It’s an interesting rhetorical strategy—perhaps it could even be an effective one—but it raises the question as to why McWhorter doesn’t try to sway those who have found these antiracist writers compelling. His answer is simple: they’re beyond hope; there’s simply no talking to them. In fact, McWhorter’s main argument is that contemporary antiracists are no different than the religious (he even refers to them as “The Elect”). For him, they’re superstitious, beyond reason. They have their own set of clergy (see the above-named authors), and they are quick to label those not “woke” enough as heretics.

It’s a clever premise, but it suffers for at least a couple of reasons. First, it fails to differentiate between the truly religious—those systems of belief that point beyond themselves to the transcendent—and what many would call ideology or, perhaps, fundamentalism. This simplistic take on antiracism as religious proves especially disappointing, considering that McWhorter is such a careful writer in his own field of linguistics. Indeed, it ends up caricaturing religion to such a degree that it’s hard to trust that he’s not also caricaturing today’s antiracists.

To his credit, McWhorter does provide specific examples of problematic passages and statements from prominent antiracists, but these feel cherry-picked.
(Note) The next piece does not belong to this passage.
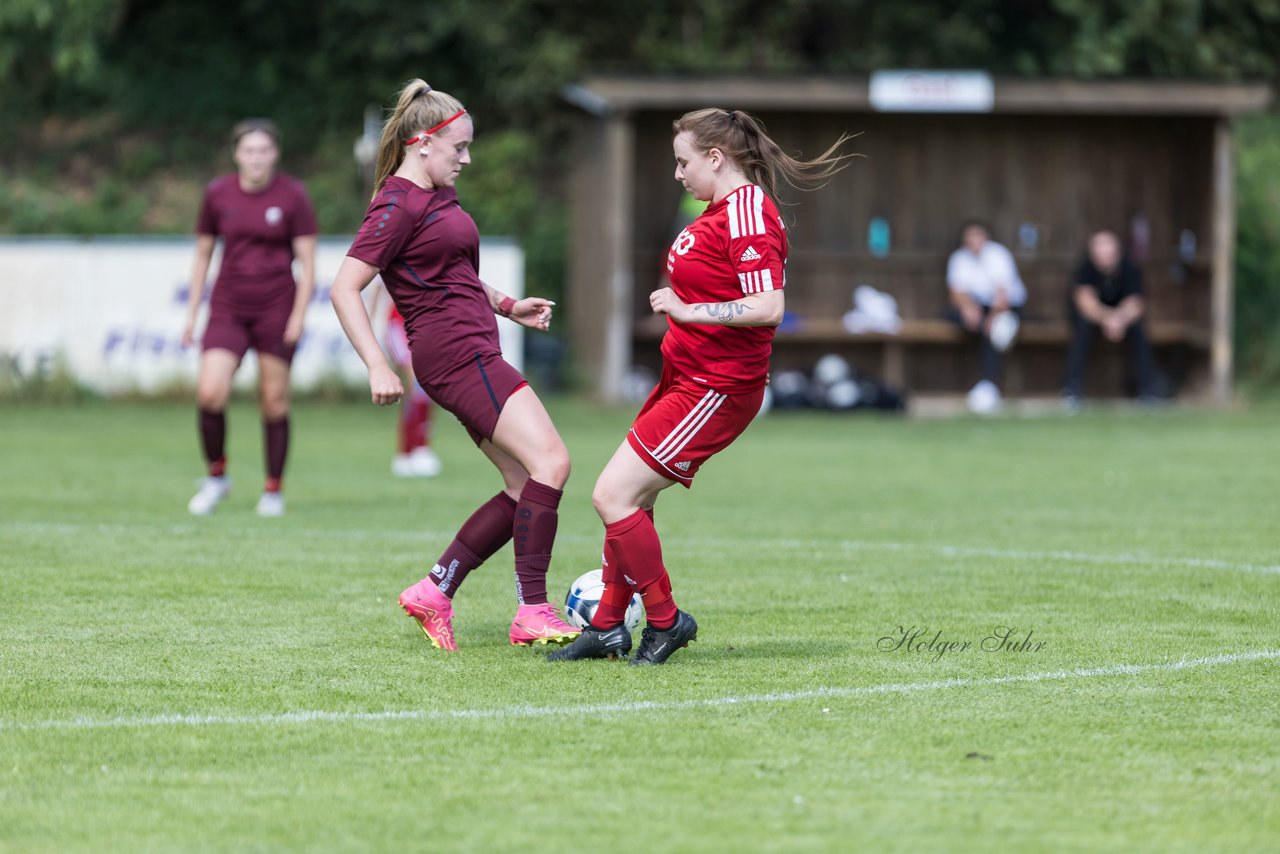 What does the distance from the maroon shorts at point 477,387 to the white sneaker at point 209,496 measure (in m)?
4.76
For instance, he finds fault with Coates for writing that “he had no sympathy for the white cops and firemen who died at the World Trade Center on 9/11.” This is a worthwhile critique, but McWhorter makes it sound like a policy that Coates is endorsing rather than the raw emotions Coates is honest enough to admit to in his memoir. Moreover, later in his book, McWhorter makes the point that Woodrow Wilson’s racism shouldn’t detract from his “general record as a progressive with a passionate commitment to world peace.” It’s hard not to see this as a double-standard.
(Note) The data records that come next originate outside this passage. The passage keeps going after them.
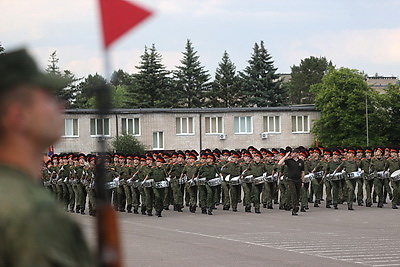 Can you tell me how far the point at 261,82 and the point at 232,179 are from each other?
220ft

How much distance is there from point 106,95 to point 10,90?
0.46 metres

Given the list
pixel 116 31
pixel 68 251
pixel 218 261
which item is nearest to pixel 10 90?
pixel 68 251

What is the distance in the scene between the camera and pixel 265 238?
1861 centimetres

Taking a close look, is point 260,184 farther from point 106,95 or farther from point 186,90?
point 186,90

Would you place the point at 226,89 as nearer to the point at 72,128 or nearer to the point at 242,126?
the point at 242,126

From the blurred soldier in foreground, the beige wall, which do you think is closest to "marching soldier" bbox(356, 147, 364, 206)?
the blurred soldier in foreground

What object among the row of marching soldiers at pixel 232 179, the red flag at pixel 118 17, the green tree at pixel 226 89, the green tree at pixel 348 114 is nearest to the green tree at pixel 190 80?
the green tree at pixel 226 89

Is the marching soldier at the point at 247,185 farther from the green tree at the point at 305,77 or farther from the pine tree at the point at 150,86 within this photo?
the green tree at the point at 305,77

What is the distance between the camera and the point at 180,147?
71.8 metres

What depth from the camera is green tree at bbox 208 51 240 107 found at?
101625 millimetres

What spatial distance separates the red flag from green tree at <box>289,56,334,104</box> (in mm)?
136919

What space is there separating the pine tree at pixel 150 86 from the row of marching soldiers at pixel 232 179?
6087 cm

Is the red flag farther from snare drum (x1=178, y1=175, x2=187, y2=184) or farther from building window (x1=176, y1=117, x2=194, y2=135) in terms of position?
building window (x1=176, y1=117, x2=194, y2=135)

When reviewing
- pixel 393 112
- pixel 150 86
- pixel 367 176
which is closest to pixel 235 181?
pixel 367 176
As for his critiques of DiAngelo, McWhorter makes some fair points about her book White Fragility; then again, I know several people who would consider themselves antiracist but who also take issue with aspects of DiAngelo’s approach. To critique all who claim the term “antiracist” based on DiAngelo is a little like critiquing all who claim the name “Christian” by way of Pat Robertson. Yes, Robertson and I might share central convictions, but please don’t assume he represents me. Tellingly, McWhorter avoids discussing some of the best antiracist thinkers, authors like Isabel Wilkerson or Heather McGhee. He does end up endorsing Michelle Alexander’s critique of the war on drugs, an appraisal that he sees as working toward racial equity, not just virtue-signaling. 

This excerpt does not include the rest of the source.